The nuclear-powered icebreaker Arktika arrived on January 1 in the remote Russian town of Pevek, together with cargo vessels Inzhener Trubin and Yuri Arshenevsky and diesel-engined icebreaker Kapitan Dranitsyn.
It is the first time that the brand new Arktika has sailed across the eastern part of the Northern Sea Route. But it has not been an easy voyage for the potent vessel.
When the icebreaker two weeks ago sailed through the Vilkitsky Strait and into the Laptev Sea, there were three cargo ships in its wake. When it arrived in Pevek, only two were left.
The Polar King was abandoned en route, and is now drifting in an area north of the New Siberian Islands, shipping data show.
According to Rosatomflot, the Arktika is now on its way towards the Polar King and will subsequently escort it to Pevek.
The three cargo vessels all carry construction goods for the major Baimskaya copper mining project in the Chukotka Peninsula. The ships were originally to arrive in Pevek in November, but an early freeze in the far northern waters prevented them from reaching their destination. For several days, the carriers lied idle east of the Vilkitsky Strait waiting for icebreaker assistance. That never came and the ships ultimately had to return to Arkhangelsk.
The early arrival of winter spurred a highly complicated situation on the Northern Sea Route and in early November more than 20 vessels were stuck in the sea ice.
The complications with the sea ice stretched into the last days of the year. The last commercial ship that transited on the route, the Pugnax, has spent almost two week longer time on the voyage than expected. According to data from MarineTraffic, the ship was to arrive in Murmansk already on December 27, but January 3 was still sailing in the northern part of the Kara Sea. The heavy loads vessel is escorted by nuclear-powered icebreaker Yamal.

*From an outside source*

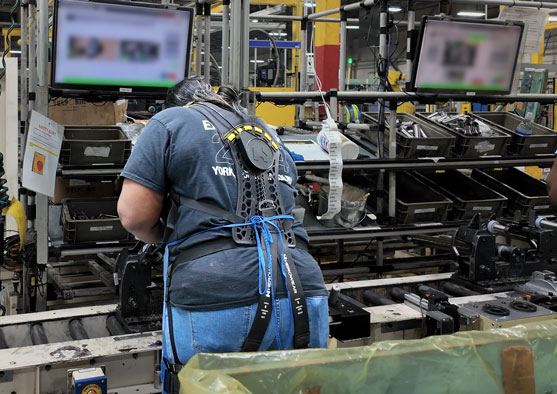 apex-2-exosuit-in-manufacturing-tasks (1)-1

The troubles on the route will be overcome as more icebreakers are built, Rosatom argues. The Arktika is the first is the lead ship of Project 22220 icebreakers, and will over the next years be followed by at least four sister ships.
According to the state company, the Arktika is meeting expectations.
“We are satisfied with the results of the east-bound passage,” says Mustafa Kashka, General Director of icebreaker base Atomflot.
“The vessel’s icebreaking capacity is in line with the project characteristics,” he adds in a comment.
Rosatom will now carefully study results from the voyage as it plans further operations. It is not clear whether the Arktika will be the icebreaker that escorts the three ships back to Arkhangelsk.
Sea ice conditions in Pevek can be extreme, and in the winter of 2017 three ships were ice-locked in the local bay for five months. Among those vessels were icebreaker Kapitan Dranitsyn.
The diesel-engined icebreaker will probably have great problems with breaking out of the area also this year unless a more powerful nuclear icebreaker comes to assistance. In the port of Pevek is moored also cargo ship Lev Yashin. That latter ship has already been ice-locked in the area for several weeks.
It is expected that the port workers of Pevek will need about 10 days to unload the newly arrived cargo vessels.